** Listed entries follows **

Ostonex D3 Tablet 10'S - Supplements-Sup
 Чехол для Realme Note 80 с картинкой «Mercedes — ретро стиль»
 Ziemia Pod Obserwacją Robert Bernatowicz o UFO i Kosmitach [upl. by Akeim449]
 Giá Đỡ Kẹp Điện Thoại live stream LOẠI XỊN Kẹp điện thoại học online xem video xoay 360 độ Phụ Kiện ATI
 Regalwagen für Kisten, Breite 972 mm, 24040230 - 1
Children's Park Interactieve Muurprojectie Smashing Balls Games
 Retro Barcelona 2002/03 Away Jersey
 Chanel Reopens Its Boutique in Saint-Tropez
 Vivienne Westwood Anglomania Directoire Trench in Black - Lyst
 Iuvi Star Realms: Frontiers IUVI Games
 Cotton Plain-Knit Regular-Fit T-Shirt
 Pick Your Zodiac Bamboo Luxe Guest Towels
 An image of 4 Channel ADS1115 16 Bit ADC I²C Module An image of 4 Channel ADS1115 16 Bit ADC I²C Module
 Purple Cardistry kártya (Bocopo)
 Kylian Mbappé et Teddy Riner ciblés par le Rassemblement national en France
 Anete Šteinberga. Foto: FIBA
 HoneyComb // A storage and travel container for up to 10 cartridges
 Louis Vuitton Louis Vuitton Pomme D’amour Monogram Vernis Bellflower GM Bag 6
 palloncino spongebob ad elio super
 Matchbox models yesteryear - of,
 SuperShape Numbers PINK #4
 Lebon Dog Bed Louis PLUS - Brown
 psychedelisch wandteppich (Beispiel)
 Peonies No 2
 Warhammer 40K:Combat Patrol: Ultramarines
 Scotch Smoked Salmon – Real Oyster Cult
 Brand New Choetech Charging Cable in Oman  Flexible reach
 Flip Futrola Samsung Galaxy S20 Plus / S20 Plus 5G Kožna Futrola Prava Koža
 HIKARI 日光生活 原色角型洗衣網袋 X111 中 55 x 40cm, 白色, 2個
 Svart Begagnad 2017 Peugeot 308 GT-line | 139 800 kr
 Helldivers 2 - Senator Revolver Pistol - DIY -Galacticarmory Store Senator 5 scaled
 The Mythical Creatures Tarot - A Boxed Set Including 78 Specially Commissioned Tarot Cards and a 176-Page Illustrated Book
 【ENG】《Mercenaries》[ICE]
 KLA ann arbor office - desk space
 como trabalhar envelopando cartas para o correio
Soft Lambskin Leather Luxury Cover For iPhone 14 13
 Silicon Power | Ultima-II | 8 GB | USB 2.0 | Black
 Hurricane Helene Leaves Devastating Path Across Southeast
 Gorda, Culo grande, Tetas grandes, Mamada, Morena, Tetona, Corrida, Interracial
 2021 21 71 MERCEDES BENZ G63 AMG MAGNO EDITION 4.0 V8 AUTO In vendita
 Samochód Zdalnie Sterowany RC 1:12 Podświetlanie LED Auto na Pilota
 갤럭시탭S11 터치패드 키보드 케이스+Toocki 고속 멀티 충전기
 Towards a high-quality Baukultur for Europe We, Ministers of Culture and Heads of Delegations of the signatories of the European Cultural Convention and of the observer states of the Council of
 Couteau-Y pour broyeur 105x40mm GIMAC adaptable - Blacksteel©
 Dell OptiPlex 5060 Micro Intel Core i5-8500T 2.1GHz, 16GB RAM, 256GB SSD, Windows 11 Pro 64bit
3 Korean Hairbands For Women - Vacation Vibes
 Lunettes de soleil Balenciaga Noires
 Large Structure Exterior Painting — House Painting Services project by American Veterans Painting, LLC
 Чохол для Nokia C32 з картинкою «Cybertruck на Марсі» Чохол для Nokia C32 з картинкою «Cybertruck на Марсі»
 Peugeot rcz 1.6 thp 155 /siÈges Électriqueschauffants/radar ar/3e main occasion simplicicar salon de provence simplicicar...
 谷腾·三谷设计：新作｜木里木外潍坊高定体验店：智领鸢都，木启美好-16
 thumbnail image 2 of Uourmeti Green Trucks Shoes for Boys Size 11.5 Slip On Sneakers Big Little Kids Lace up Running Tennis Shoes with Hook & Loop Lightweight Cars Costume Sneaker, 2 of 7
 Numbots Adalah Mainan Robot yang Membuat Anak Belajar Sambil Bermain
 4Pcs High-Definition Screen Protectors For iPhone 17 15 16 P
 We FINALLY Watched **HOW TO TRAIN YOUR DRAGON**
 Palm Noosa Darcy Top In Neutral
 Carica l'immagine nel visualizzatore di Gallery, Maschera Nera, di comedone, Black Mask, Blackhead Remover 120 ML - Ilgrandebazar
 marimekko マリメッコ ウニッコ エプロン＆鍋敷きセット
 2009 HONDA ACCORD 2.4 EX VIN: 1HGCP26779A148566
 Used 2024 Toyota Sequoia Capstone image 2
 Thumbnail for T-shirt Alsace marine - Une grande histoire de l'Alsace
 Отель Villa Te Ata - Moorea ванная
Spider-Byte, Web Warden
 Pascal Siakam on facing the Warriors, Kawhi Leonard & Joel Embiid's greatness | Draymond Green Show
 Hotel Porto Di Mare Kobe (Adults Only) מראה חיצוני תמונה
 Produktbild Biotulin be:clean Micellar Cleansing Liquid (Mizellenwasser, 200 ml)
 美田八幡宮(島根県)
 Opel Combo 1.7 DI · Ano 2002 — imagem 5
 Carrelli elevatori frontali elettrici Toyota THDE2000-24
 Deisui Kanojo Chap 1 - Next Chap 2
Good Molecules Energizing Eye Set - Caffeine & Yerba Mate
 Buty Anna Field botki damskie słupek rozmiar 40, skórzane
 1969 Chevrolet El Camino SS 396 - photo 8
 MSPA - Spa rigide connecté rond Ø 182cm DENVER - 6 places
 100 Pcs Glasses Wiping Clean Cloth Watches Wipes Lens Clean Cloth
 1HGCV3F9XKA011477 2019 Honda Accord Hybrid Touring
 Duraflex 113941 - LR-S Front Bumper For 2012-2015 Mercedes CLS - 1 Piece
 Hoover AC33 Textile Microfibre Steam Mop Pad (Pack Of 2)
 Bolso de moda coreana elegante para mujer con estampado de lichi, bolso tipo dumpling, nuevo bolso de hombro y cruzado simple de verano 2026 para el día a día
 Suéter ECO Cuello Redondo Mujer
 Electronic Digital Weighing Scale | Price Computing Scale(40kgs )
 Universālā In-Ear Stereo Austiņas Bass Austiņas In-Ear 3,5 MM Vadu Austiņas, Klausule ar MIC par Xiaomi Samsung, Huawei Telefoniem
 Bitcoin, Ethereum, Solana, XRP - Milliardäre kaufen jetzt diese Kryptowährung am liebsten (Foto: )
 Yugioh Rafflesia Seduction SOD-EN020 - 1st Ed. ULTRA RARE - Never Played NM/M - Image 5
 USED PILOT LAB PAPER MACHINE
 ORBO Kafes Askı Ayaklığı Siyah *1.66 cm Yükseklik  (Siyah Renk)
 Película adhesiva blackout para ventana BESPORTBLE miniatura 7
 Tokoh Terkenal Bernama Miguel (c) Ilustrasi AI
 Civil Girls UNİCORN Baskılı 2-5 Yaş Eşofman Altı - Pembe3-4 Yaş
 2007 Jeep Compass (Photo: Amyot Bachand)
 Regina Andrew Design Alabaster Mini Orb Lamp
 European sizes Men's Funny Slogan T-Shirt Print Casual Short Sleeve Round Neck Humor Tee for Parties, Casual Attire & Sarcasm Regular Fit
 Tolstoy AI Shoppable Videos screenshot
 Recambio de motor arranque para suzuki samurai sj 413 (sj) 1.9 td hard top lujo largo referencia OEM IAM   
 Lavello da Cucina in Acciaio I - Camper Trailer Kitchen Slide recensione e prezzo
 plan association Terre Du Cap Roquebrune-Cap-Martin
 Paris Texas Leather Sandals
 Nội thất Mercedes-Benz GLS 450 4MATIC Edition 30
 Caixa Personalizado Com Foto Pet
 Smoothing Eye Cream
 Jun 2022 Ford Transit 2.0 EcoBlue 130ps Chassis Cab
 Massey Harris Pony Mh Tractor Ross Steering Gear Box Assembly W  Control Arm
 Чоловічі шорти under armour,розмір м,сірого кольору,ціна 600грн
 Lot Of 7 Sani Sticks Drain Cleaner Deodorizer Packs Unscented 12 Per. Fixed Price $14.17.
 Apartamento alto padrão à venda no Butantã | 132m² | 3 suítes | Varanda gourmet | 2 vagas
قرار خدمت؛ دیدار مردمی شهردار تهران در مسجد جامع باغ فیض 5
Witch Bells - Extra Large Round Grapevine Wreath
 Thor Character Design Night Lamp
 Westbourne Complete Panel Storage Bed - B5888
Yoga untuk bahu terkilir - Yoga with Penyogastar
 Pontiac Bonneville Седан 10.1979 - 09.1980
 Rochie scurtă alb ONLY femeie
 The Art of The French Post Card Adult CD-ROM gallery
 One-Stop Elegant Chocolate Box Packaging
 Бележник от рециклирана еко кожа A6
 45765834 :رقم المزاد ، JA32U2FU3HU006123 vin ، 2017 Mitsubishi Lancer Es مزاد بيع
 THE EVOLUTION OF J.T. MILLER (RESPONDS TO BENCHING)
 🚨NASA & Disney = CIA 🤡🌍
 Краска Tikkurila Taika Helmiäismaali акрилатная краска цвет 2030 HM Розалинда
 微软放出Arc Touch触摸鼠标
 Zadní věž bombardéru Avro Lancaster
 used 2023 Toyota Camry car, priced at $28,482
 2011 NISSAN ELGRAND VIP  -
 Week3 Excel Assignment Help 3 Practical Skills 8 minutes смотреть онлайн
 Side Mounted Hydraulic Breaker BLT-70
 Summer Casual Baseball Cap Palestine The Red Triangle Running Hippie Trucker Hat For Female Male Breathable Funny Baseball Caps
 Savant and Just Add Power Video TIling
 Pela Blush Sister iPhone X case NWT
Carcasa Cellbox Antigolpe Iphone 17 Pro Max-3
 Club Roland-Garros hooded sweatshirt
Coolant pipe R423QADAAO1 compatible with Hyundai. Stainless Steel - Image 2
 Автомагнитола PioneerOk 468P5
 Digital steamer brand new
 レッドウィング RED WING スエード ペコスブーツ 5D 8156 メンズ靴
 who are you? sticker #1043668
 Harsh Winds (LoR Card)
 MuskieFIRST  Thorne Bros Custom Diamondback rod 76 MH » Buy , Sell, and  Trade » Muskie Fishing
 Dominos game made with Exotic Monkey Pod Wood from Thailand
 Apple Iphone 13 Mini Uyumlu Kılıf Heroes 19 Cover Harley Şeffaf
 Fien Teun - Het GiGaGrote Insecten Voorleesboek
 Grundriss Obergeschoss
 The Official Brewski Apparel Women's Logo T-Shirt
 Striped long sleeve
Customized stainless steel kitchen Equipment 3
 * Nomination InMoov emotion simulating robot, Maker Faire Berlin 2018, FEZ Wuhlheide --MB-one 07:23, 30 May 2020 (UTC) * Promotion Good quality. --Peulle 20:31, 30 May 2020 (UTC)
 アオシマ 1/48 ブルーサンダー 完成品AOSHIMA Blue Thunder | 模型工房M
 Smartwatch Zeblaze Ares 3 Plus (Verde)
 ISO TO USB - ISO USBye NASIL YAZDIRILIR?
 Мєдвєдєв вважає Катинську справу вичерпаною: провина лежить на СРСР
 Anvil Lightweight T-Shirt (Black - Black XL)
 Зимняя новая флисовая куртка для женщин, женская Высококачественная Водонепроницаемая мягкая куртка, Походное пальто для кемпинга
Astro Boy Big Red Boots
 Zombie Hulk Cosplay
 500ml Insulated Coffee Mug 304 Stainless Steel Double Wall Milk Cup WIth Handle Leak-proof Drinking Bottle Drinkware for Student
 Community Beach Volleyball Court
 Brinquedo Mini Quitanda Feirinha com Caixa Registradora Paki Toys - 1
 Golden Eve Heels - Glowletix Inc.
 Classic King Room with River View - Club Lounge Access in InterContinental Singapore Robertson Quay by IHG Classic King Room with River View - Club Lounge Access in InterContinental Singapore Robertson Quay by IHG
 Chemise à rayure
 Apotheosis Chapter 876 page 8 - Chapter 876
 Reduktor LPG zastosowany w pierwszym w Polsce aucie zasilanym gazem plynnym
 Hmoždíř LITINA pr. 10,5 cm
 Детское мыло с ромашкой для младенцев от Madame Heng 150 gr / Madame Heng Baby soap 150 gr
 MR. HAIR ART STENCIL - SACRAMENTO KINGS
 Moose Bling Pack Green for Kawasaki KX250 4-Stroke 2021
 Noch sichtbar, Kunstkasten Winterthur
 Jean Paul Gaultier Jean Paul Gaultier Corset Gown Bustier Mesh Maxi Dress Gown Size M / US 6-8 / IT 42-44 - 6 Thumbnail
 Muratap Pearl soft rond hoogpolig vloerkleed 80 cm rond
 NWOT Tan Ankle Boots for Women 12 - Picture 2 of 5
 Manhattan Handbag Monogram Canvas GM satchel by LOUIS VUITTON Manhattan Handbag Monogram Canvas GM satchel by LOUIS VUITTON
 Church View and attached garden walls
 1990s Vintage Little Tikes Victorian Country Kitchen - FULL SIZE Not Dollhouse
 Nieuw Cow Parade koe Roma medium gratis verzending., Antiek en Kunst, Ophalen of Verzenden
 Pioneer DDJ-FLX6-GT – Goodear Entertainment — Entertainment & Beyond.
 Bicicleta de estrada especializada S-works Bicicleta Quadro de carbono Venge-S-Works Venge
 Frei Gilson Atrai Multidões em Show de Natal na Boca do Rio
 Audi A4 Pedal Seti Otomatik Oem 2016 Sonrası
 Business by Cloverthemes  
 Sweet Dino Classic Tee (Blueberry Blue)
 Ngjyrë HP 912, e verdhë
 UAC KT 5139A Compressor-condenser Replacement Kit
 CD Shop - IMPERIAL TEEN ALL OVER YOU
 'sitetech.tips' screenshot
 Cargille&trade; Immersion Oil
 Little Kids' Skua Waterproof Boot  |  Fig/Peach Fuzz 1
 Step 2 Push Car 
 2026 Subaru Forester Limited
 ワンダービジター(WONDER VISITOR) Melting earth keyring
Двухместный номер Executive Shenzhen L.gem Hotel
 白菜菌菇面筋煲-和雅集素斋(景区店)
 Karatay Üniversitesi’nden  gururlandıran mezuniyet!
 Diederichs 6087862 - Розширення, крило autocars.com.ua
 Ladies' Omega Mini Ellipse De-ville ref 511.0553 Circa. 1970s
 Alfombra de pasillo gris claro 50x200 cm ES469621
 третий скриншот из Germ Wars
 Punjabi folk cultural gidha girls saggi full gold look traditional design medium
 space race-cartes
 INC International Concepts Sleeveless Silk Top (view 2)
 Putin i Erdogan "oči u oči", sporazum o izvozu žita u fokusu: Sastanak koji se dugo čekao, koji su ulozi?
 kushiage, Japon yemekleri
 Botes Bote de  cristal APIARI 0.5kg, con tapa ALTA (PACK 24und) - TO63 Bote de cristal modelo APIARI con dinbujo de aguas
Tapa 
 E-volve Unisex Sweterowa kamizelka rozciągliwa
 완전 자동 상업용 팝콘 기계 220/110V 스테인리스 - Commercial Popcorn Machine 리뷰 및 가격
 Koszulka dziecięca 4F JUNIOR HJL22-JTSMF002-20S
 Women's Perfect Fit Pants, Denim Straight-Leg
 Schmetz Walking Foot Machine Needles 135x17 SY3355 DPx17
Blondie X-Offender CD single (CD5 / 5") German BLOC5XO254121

** End of Listed entries **

== About this exercise ==
Using the data above, extract exactly the lines from the one that holds "Pela Blush Sister iPhone X case NWT" to the one that holds "Community Beach Volleyball Court", both ends included, and no others.

== Response ==
 Pela Blush Sister iPhone X case NWT
Carcasa Cellbox Antigolpe Iphone 17 Pro Max-3
 Club Roland-Garros hooded sweatshirt
Coolant pipe R423QADAAO1 compatible with Hyundai. Stainless Steel - Image 2
 Автомагнитола PioneerOk 468P5
 Digital steamer brand new
 レッドウィング RED WING スエード ペコスブーツ 5D 8156 メンズ靴
 who are you? sticker #1043668
 Harsh Winds (LoR Card)
 MuskieFIRST  Thorne Bros Custom Diamondback rod 76 MH » Buy , Sell, and  Trade » Muskie Fishing
 Dominos game made with Exotic Monkey Pod Wood from Thailand
 Apple Iphone 13 Mini Uyumlu Kılıf Heroes 19 Cover Harley Şeffaf
 Fien Teun - Het GiGaGrote Insecten Voorleesboek
 Grundriss Obergeschoss
 The Official Brewski Apparel Women's Logo T-Shirt
 Striped long sleeve
Customized stainless steel kitchen Equipment 3
 * Nomination InMoov emotion simulating robot, Maker Faire Berlin 2018, FEZ Wuhlheide --MB-one 07:23, 30 May 2020 (UTC) * Promotion Good quality. --Peulle 20:31, 30 May 2020 (UTC)
 アオシマ 1/48 ブルーサンダー 完成品AOSHIMA Blue Thunder | 模型工房M
 Smartwatch Zeblaze Ares 3 Plus (Verde)
 ISO TO USB - ISO USBye NASIL YAZDIRILIR?
 Мєдвєдєв вважає Катинську справу вичерпаною: провина лежить на СРСР
 Anvil Lightweight T-Shirt (Black - Black XL)
 Зимняя новая флисовая куртка для женщин, женская Высококачественная Водонепроницаемая мягкая куртка, Походное пальто для кемпинга
Astro Boy Big Red Boots
 Zombie Hulk Cosplay
 500ml Insulated Coffee Mug 304 Stainless Steel Double Wall Milk Cup WIth Handle Leak-proof Drinking Bottle Drinkware for Student
 Community Beach Volleyball Court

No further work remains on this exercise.